- 1 Praca na wakacje 2024: oferty i zarobki (14 opinii)
- 2 Jak zarabiać na giełdzie codziennie? (71 opinii)
- 3 Absolwent gdyńskiej "trójki" głównym naukowcem w OpenAI (65 opinii)
- 4 Odwołano przetarg na terminal agro w Porcie Gdańsk (89 opinii)
- 5 Mieszkańcy ruszyli z pomocą małej lodziarni (246 opinii)
- 6 Elektrociepłownia gdyńska coraz bardziej ekologiczna (104 opinie)
LPP rozbudowuje siedzibę i "wchodzi" z marką na Białoruś
W I półroczu 2016 roku odzieżowa spółka z Gdańska osiągnęła przychody w wysokości niemal 2,7 mld zł, co stanowi wzrost o prawie 17 proc. rok do roku. Jednak zysk netto LPP w tym samym okresie wyniósł jedynie 24,2 mln zł, co oznacza spadek o 75,6 proc. w stosunku do roku 2015. Spółka twierdzi jednak, że wyniki będzie poprawiać i wskazuje na nowe inwestycje, m.in. rozbudowę siedziby przy ul. Łąkowej oraz otwarcie pierwszego salonu marki Reserved na Białorusi.

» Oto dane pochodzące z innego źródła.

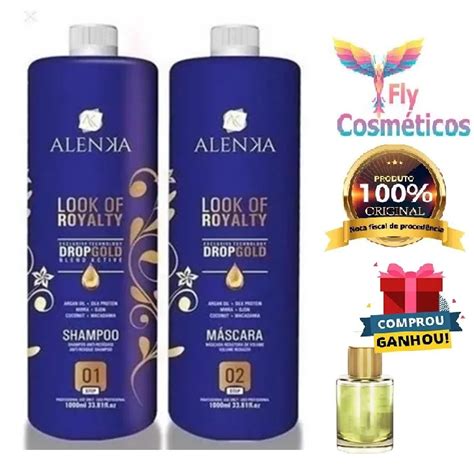 Escova Progressiva Organica Alenka Look Sem Formol 2x1Litro Shopee Brasil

W I półroczu 2016 LPP uruchomiło 59 salonów o łącznej powierzchni 29 tys. m kw., zwiększając tym samym całkowitą powierzchnię handlową do niemal 873 tys. m kw., czyli o ponad 12 proc. rok do roku. Nie zachwyca jednak zysk netto spółki. Dodatkowo w raportowanym okresie marża handlowa LPP wynosiła 48,2 proc., czyli 4,8 pkt. proc. mniej w porównaniu do ubiegłego roku. Co negatywnie wpłynęło na wyniki?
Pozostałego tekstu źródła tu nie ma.